There’s already been reporting on where Clinton plans to put her 2016 presidential campaign headquarters and even which states she thinks she could win in a general election. Such speculation underscores her twin hazards of overexposure and inevitability. If and when she decides to run, how could she spark our interest?

For a start, Clinton could make income inequality a central theme of her campaign and do it her way. She’s no Elizabeth Warren and she shouldn’t try to be. The Massachusetts senator, with her longstanding attacks on a “rigged” system and the institutions that benefit from it, owns the firebrand populist niche. That’s not Clinton’s style or comfort zone, especially after her eight years representing Wall Street as a New York senator. When she lashes out at business, it doesn’t go well, as in her mangled critique of trickle-down economics last fall: “Don’t let anyone tell you that, um, you know, it’s corporations and businesses that create jobs.”
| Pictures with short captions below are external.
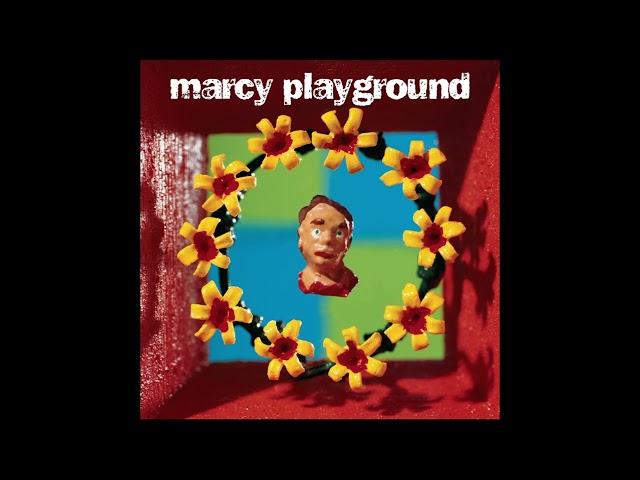 Marcy Playground - Opium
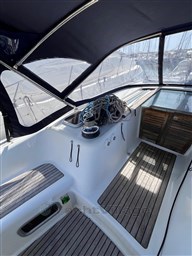 Immagine WhatsApp 2025-09-03 ore 11.53.48_47797c37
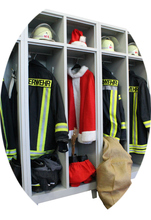 Frohe Weihnachten und einen guten Rutsch ins neue Jahr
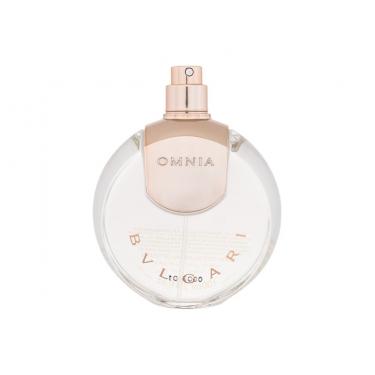 Bvlgari Omnia      100Ml Ženski Bez Kutije(Eau De Toilette) Crystalline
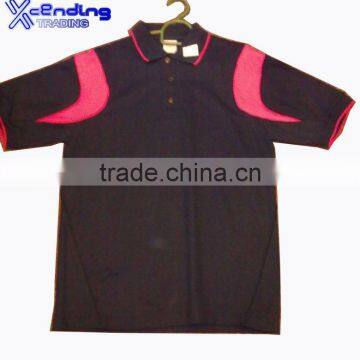 Xcending X-T041 Customized Men's Dry Fit T-shirt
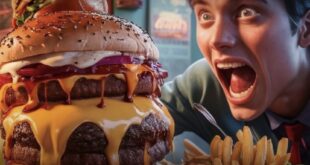 अल्ट्रा-प्रोसेस्ड फूड्स दिमाग को ‘हाईजैक’ करते हैं: चिप्स-बिस्किट की लत सिगरेट जैसी, अब तंबाकू जैसी सख्त रेगुलेशन की मांग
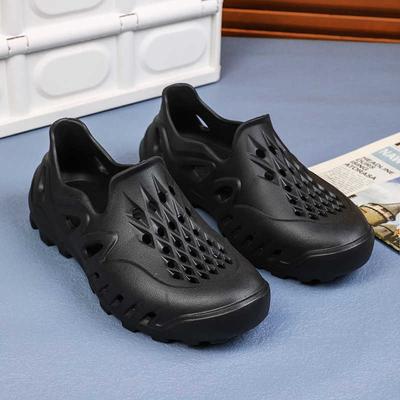 Женская обувь – Сандалии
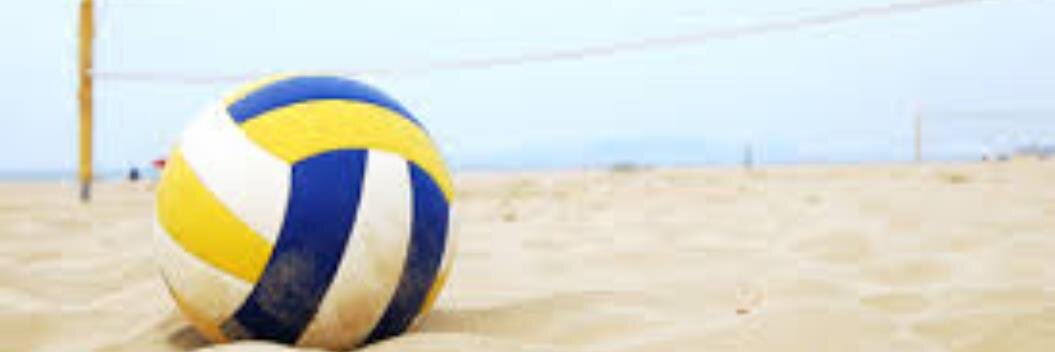OutpostJuniors's profile banner image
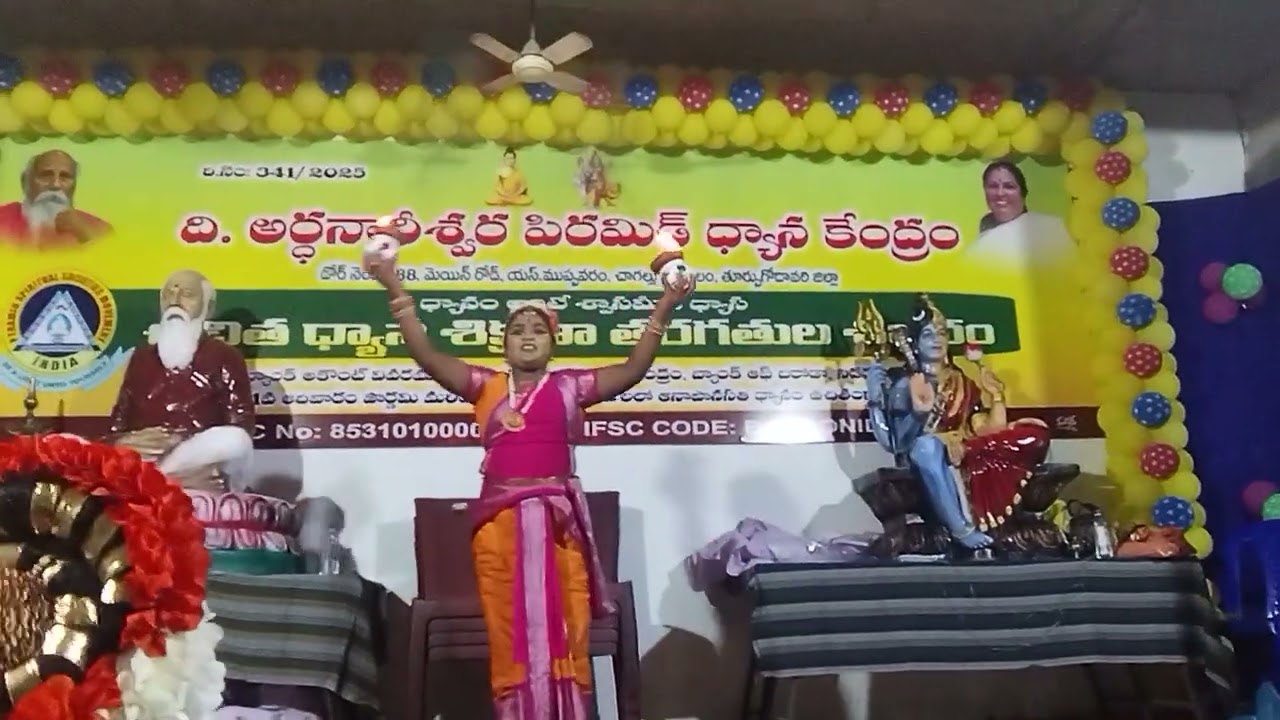 Bharatha vedhamuga song # pournami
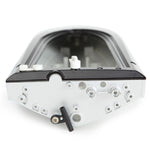 FT012 2.4G Brushless Boat Spare Parts Bottom Boat unit FT012-1
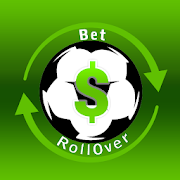 Top 41 Sports Apps Like BetRollOver - Safe 100+ Odds Betting Tips - Best Alternatives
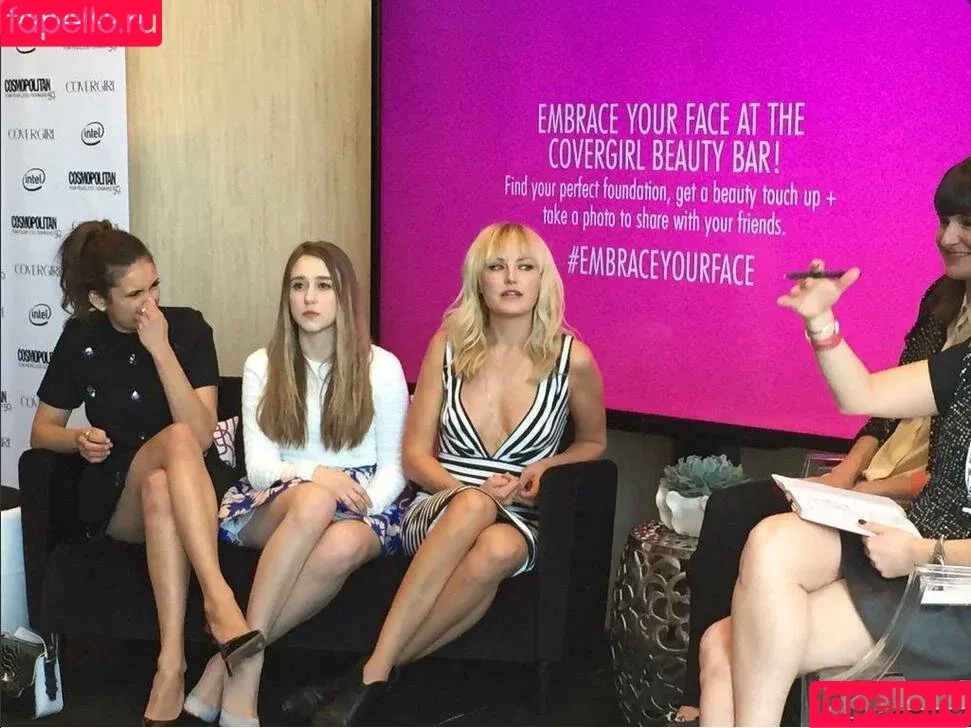 Malin Akerman / malinakerman Onlyfans Photo Gallery 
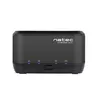 External Hard Drive NATEC Kangaroo Dual USB 3.2 Gen 1 Photo 4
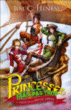 Princesses mais pas trop, T2&nbsp;-&nbsp;Jim C. Hines
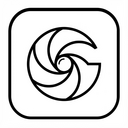 GPT Image 1.5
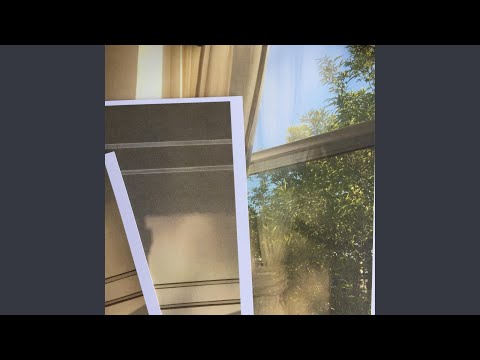 Video thumbnail for ​​Your Cheek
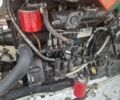 Фотон ФТ, об'ємом двигуна 0 л та пробігом 0 тис. км за 3800 $, фото 6 на Automoto.ua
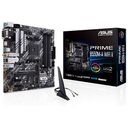 ASUS PRIME B550M-A WIFI II, AMD B550 (90MB19X0-M0EAY0)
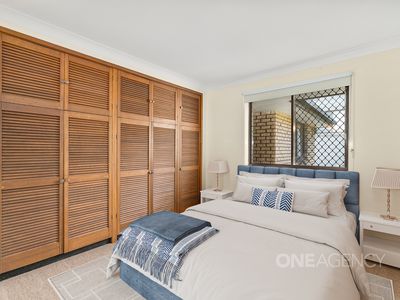 87 Island Point Road, St Georges Basin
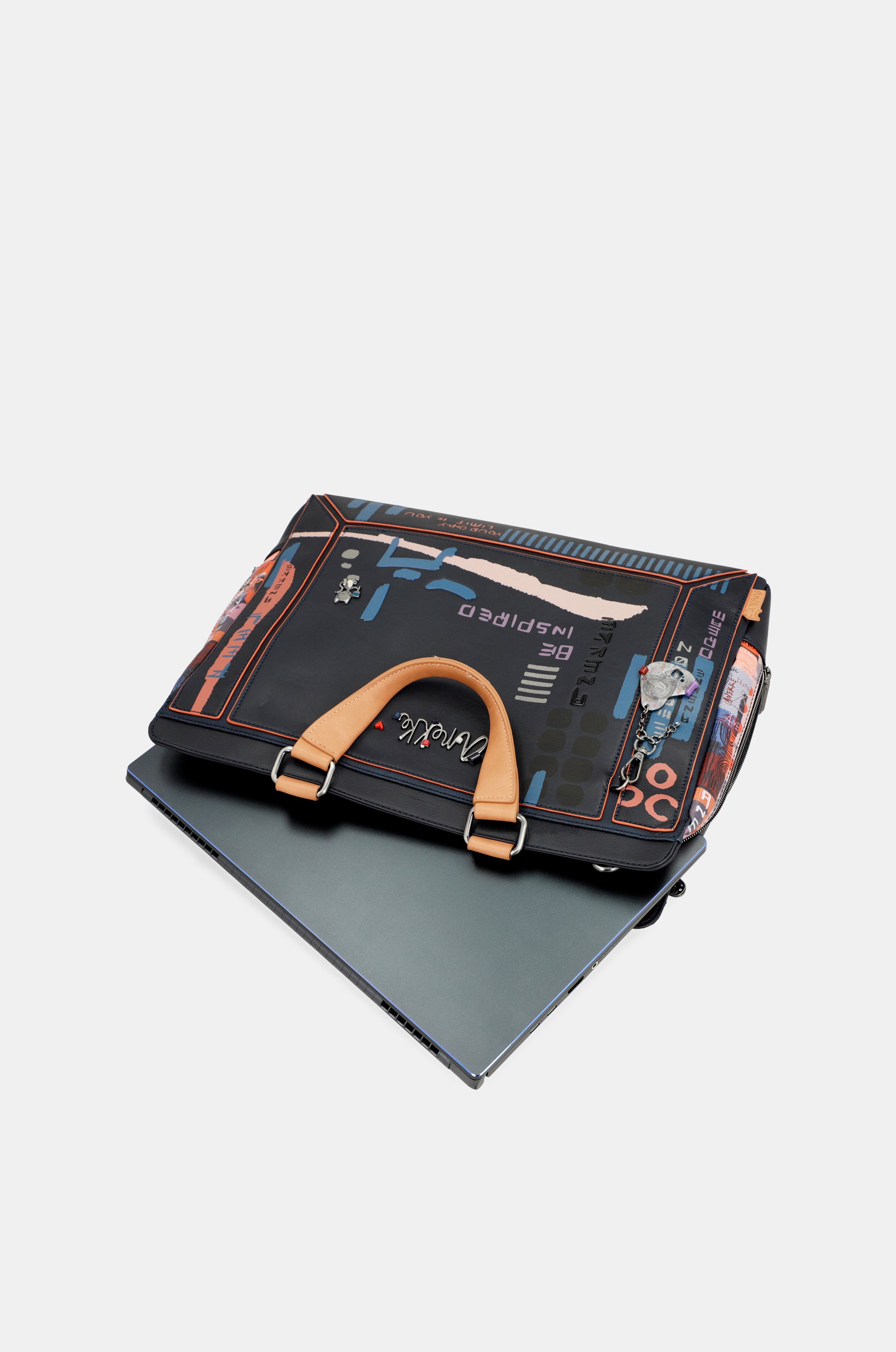 Porte-documents Nagare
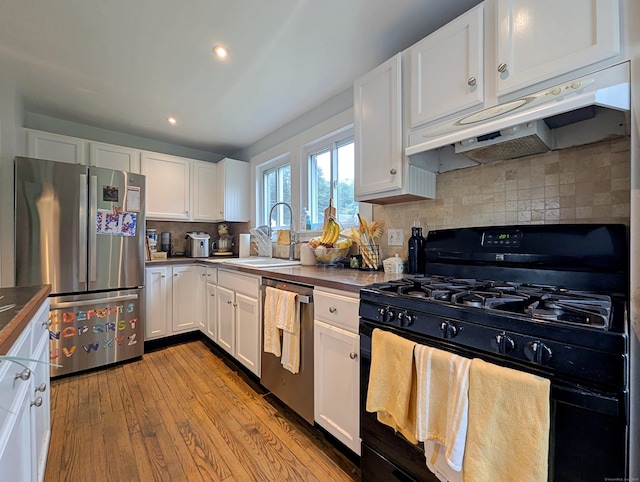 22 Stanton Ave, Winchester, CT 06098 - photo 16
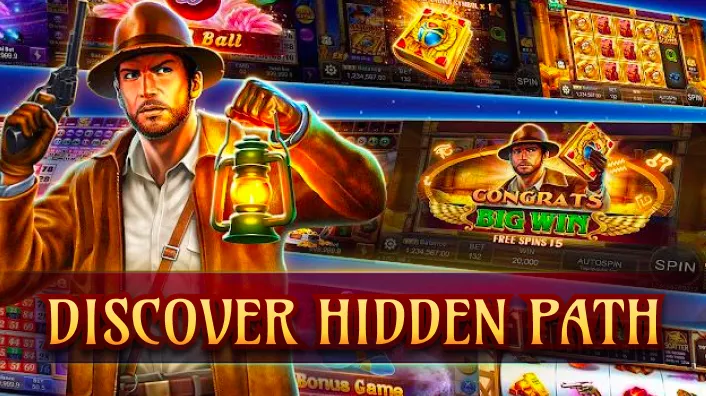 Book Of Gold Game - Best Slot Game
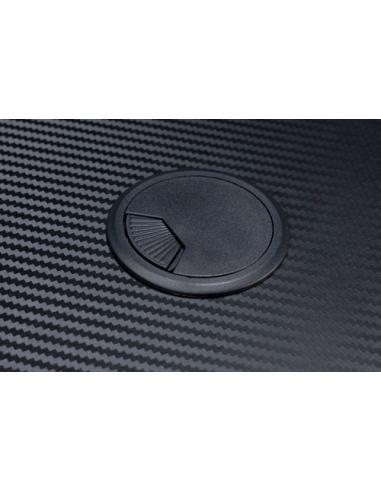 TALIUS Mesa Gaming Warship Z1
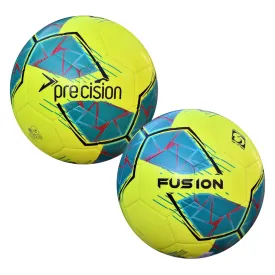 precision-fusion-fifa-basic-training-fodbold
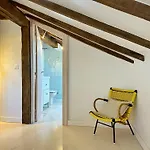 Holiday home El Delirio De Luna - 32800 Pedrena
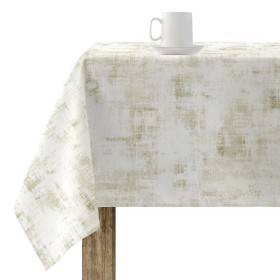 Nappe Belum 0120-246 Multicouleur Ø 100 cm | Tienda24 Tienda24.eu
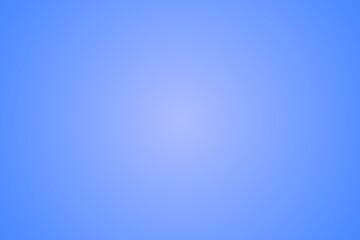 abstract luxury yellow color gradient background with blank smooth and blurred multicolored style for website banner and paper card design.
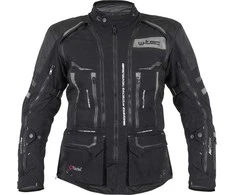 Motociklininko striukė W-Tec Aircross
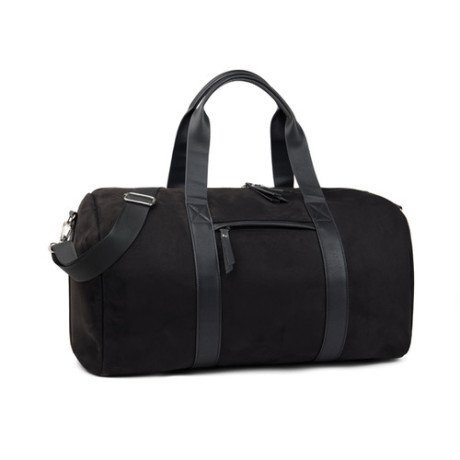 Bolsa fin semana Vinga Marlow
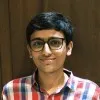 Bhavya Soriya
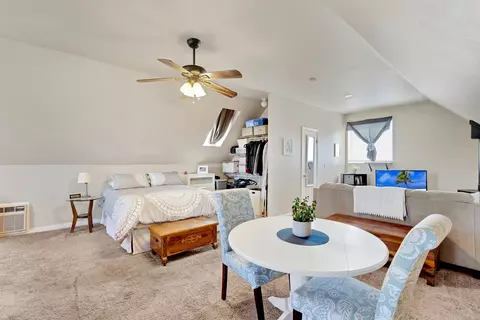 Bedroom - 786 Rancho Trl, Ramona, CA 92065 photo 5 of 5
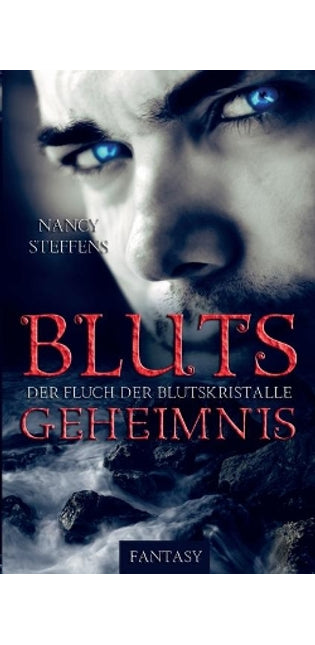 Blutsgeheimnis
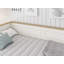 Thorwe Single (3') Daybed Bed Frame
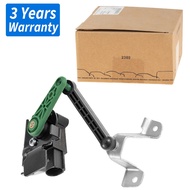 Genuine Rear Left Headlight Level Sensor 5Q0512521J,5Q0512521F For SEAT Leon 2012-2020,SKODA Octavia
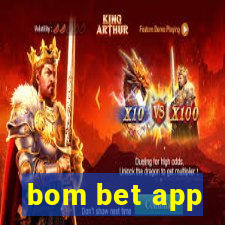 bom bet app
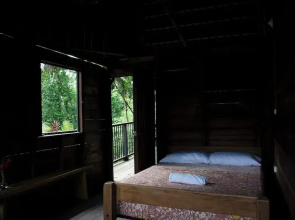 Casa Cielito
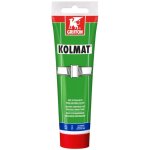 Kolmat p�te � joint 300 g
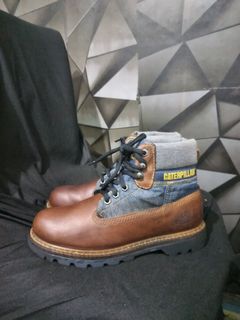 (Kategori: ) berada di . Dikirim oleh devstore23 (ID iklan 1469952767, Gambar 1). Deskripsi: .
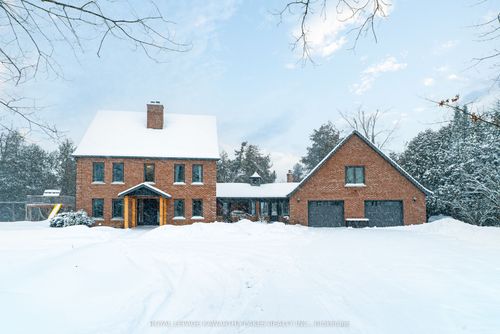 61 Kenrei Rd, Lindsay, ON, K9V4R1 | Card Image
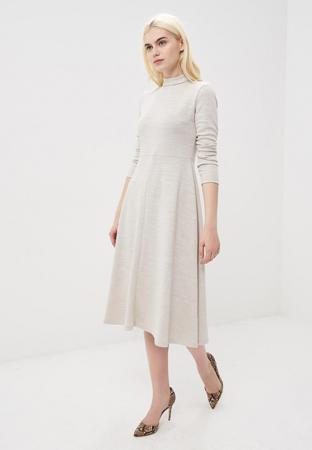 Платье Fashion.Love.Story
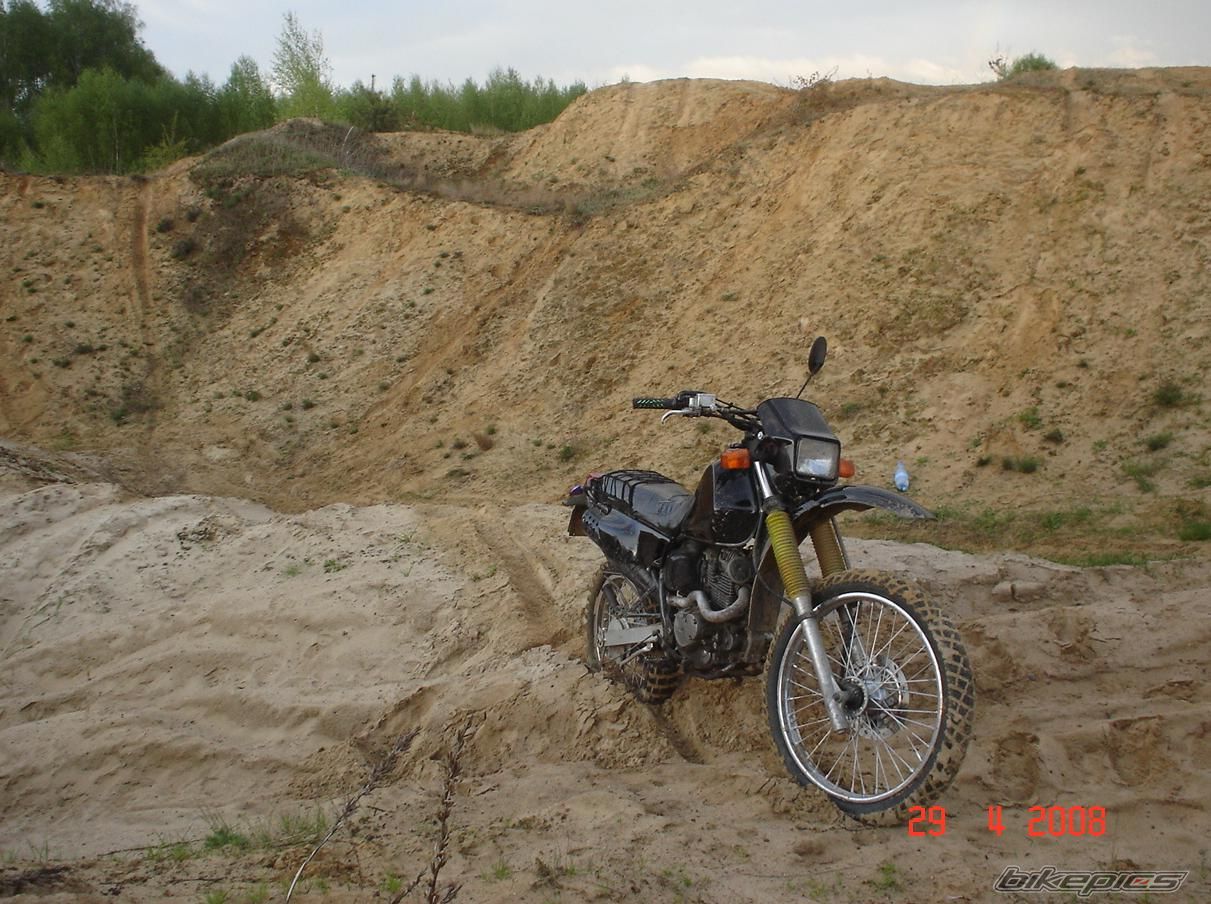 Photo 1544469
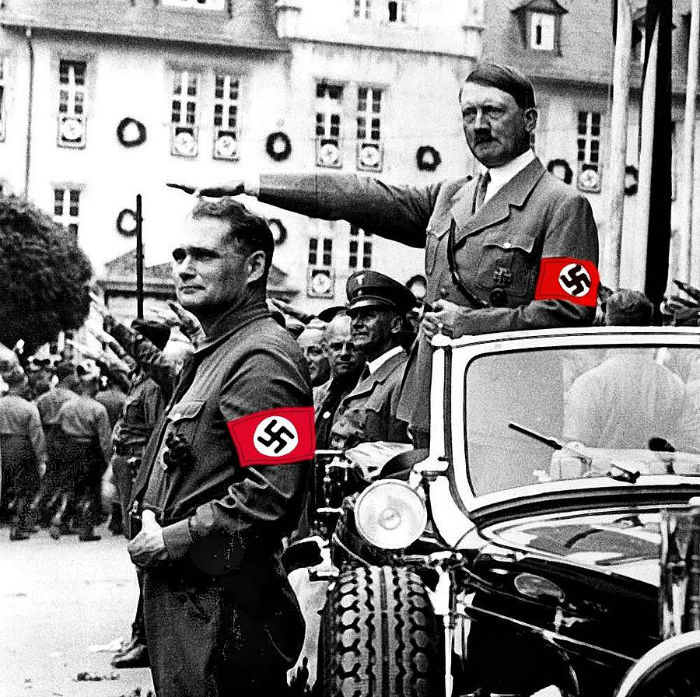 1-adolf-hitler-giving-the-nazi-salute-from-a-mercedes-3-c-1934-2015-david-lee-guss-w700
What fits Clinton better is an appeal to high moral ground. You could characterize this approach as “we’re all in this together” or a form of tactful public shaming. Instead of attacking people who are benefiting from the rigged system, appeal to them on behalf of the common good and a healthier overall economy. Urge them to support a financial transactions tax and an end to ridiculously low tax rates for investment fund managers. Pick up on some of the ideas proposed by Washington Post columnist Harold Meyerson, such as lower taxes for corporations that cap CEO pay or raise worker wages to match productivity increases.

Clinton should also think carefully about whether to hire people on a listserv of some 150 Democratic operatives described as Clinton campaign aides in waiting. The emails, leaked to Rick Klein of ABC News and perfectly characterized as “bro-tastic” by The Washington Post’s Aaron Blake, are classic frat boy towel-snapping. Her last campaign was marred by infighting and incompetence. This time around, she should hire adults who know what they’re doing and won’t embarrass her while they’re doing it. That will not only yield a better campaign, it will show she learns from mistakes.

Hillary and Jeb will never be fresh faces. But they can minimize that handicap by running as creative, evolving leaders who are not captive to their family legacies.